Mining--Illustrated at Syncrude

The oldest and still most widely used method of producing oil from oil sands is mining. This method is gradually being refined, to become more energy efficient, to use less water, and to have less environmental impact in general.

In the mining method Syncrude uses, the various surface layers are first removed and stored so that they will be available when needed for reclamation. Then large equipment is used to scoop the oil sands material out, and load it into large trucks.

Next, the material is transferred by truck to a station where it is mixed with water to form a slurry. Hydrotransport pipelines transport the slurry mixture from the mine to the extraction plant. The slurry is fed into a separation vessel where it separates into three layers--sand, water and bitumen.

The sand that separates out is trucked to its assigned location, based on a reclamation plan that Syncrude filed earlier with the province. Syncrude says that it plans carefully where each truckload of material goes, so it does not need to move material twice, and thereby increase its costs.

The water (including dissolved minerals, clay, and small amounts of bitumen mixed with the water) that separates out is transferred to tailings ponds. The water from these tailing ponds is then recycled, for use with a new batch of bitumen slurry. With recycling, the amount of water from Athabasca River that Syncrude uses has been decreasing, and now averages 2.03 barrels of water per barrel of finished product. Over 85% of the water used in this process is recycled.

The bitumen that separates out during the separation process is upgraded to form Synthetic Crude Oil (SCO), a light sweet crude oil that sells for about the same price as the benchmark crude, West Texas Intermediate (WTI). This upgrading takes place in a facility that in many ways resembles a refinery (cracks the molecules into shorter ones and separates out sulfur and other pollutants), but does not produce the finished products of a refinery.

Since the upgrading is at the same location where oil sands are mined, Syncrude can make use of the natural gas and other gasses produced in the upgrading process to provide some of the energy required for the energy needs of the facility. I was told that approximately two-thirds of the energy needs of the facility are internally generated, but I have not received written confirmation that this is the case.

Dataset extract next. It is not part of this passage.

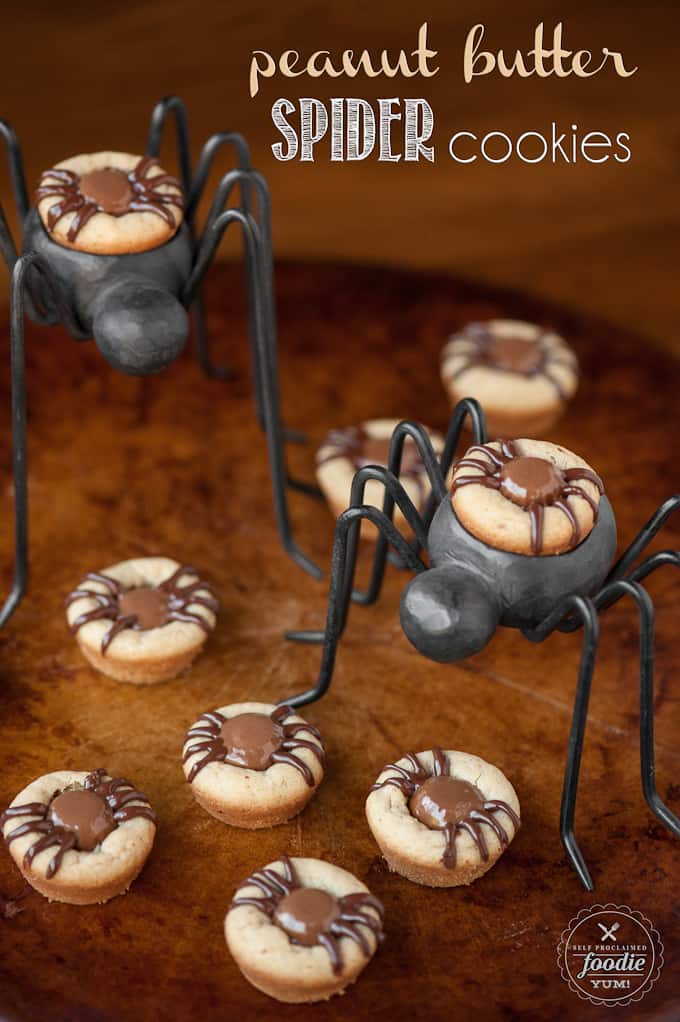 Peanut Butter Spider Cookies are perfect Halloween cookies because everyone loves a good peanut butter and chocolate recipe!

Work on reclamation goes on at the same time as mining. Once sufficient sand has been added to reach the planned contours of the reclaimed area, the upper layers are put back and native vegetation planted, according to the plans filed with the province. These plans are updated from time to time to reflect changes in thinking regarding optimal revegetation.

Of all of the oil sands operators, Syncrude has the only parcel of land that has been officially been certified as reclaimed. It also has 4,600 hectares that would look to a passer-by as reclaimed, but has not passed the years-long process required by the province to show that reclaimed area fully meets the province's standard in terms of stability, plant growth, water areas, and wildlife.

I was told that the energy return of this process is 6:1, presumably all of the way from mining to production of Synthetic Crude Oil (SCO).

I was told that many of the processes are gradually being made more efficient, at Syncrude and more generally. For example, Syncrude invented low energy extraction which reduced the temperature required to extract bitumen from 80 C to 40 C. As techniques are refined to become more energy efficient, one would expect the energy return ratio to increase, and the amount of CO2 generated by the processes to decline.

I was also told that 92% to 94% of the bitumen in the oil sands is extracted in this process--a very high percentage, compared to conventional oil extraction. In some sense, what happens is that the oil sands material is scooped out, nearly all of the bitumen washed out, and the remaining material (mostly white sand) put back. Water to be recycled plus various impurities are put into tailing ponds. The material that cycles through tailing ponds doesn't get to its final location very quickly, and sometimes ends up where it is not wanted, so is a problem the industry and regulators are working on.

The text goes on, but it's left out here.